We followed the tracks until they changed direction through rougher terrain off the trail into thick forest. As tempting as it was to follow, we didn’t know the area well enough and were new to hiking in this wilderness so stuck to our path.

We were rewarded and came across an incautious red squirrel, undisturbed by our close proximity, which highlighted the feeling of sanctuary in this place.

A squirrel is unperturbed by our presence

A squirrel is unperturbed by our presence

Unfortunately, there was no bear encounter but we did observe herds of ungulates; bison, pronghorn, bighorn sheep and mule deer.

Nevertheless we carried on and encountered a variety of wildlife, most notably a lightning fast glimpse of a wolf pack (later found out to be the Canyon pack) and heard their soft foot fall and harrowing howls echo through the empty wilderness.

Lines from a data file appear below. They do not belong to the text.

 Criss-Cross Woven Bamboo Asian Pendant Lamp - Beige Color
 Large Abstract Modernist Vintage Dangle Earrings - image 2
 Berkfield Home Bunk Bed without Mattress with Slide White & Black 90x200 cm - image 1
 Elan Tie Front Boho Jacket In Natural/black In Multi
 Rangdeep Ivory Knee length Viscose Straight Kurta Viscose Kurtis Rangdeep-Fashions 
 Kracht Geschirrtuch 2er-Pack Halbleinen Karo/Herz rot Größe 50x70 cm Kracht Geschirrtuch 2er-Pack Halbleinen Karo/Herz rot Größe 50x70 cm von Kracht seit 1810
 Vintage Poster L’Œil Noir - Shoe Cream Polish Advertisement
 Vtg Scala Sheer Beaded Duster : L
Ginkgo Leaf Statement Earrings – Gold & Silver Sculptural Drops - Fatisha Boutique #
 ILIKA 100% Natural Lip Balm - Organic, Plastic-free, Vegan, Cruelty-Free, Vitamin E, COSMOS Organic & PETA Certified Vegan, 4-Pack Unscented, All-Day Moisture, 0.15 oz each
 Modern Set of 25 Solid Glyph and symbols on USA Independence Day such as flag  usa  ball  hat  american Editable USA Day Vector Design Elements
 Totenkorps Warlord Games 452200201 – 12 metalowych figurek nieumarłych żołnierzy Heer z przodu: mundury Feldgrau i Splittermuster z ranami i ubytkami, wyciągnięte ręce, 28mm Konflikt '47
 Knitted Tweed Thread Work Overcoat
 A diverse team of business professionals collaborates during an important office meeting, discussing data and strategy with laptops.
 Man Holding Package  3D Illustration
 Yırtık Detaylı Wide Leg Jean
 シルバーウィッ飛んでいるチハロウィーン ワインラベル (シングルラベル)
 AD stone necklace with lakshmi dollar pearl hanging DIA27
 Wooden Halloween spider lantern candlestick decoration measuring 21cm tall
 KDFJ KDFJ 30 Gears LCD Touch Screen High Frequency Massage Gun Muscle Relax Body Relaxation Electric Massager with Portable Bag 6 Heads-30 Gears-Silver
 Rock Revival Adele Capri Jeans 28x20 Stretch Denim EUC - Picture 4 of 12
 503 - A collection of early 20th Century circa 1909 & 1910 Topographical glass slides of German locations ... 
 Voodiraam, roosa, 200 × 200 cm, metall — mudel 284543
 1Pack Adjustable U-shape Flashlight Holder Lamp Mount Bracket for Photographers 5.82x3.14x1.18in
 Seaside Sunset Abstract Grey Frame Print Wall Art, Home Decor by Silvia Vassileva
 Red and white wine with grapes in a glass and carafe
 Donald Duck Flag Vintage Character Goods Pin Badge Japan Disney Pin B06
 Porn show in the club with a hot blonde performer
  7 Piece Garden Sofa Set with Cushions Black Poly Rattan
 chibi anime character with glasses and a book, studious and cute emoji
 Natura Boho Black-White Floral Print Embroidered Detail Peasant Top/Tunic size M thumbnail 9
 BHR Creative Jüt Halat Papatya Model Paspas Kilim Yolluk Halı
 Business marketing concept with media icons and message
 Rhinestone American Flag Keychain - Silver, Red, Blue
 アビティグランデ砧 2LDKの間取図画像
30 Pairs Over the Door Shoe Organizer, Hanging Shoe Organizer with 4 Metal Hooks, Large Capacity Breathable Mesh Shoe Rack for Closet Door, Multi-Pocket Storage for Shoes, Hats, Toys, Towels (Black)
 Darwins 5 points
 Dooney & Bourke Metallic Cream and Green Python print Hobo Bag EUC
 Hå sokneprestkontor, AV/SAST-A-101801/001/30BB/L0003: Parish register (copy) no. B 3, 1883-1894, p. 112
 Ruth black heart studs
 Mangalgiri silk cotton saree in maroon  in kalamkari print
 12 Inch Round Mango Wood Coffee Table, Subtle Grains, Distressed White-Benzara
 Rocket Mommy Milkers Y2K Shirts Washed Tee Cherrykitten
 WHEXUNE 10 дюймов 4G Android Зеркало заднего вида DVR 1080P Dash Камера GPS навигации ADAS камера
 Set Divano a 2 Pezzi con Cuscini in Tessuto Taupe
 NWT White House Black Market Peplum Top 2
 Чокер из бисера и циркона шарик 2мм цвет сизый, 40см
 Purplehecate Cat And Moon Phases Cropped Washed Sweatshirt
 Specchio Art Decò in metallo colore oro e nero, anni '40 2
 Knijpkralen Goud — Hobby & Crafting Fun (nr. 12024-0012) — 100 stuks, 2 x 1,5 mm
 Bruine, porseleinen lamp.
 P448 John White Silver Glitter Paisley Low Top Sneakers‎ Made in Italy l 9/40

On our last afternoon in the park we did a game drive. One of the highlights was driving past a herd of bison travelling single file on the road coming towards us.

Bison On Road Yellowstone bears

Bison use the roads in Yellowstone

Many of the animals here use the public roads and trails as it is more energy efficient than ploughing through snow to make their own routes.

On the way back to our lodge when the chances of seeing new wildlife were getting slimmer, a movement in a roadside meadow caught our eye. A coyote.

A coyote out hunting Yellowstone

A coyote out hunting in Lamar Valley

With no other cars on the roads for miles we were able to watch him hunt and pounce in the snow, captivated, until he disappeared under the shadow of the mountain and out of sight.

Beaver Hike Mountain Yellowstone bears

Beaver Hike Mountain

During this off peak season we were lucky enough to virtually have the park to ourselves and although we didn’t catch a bear this time, we saw an abundance of wildlife and beautiful landscapes.

Yellowstone certainly didn’t disappoint.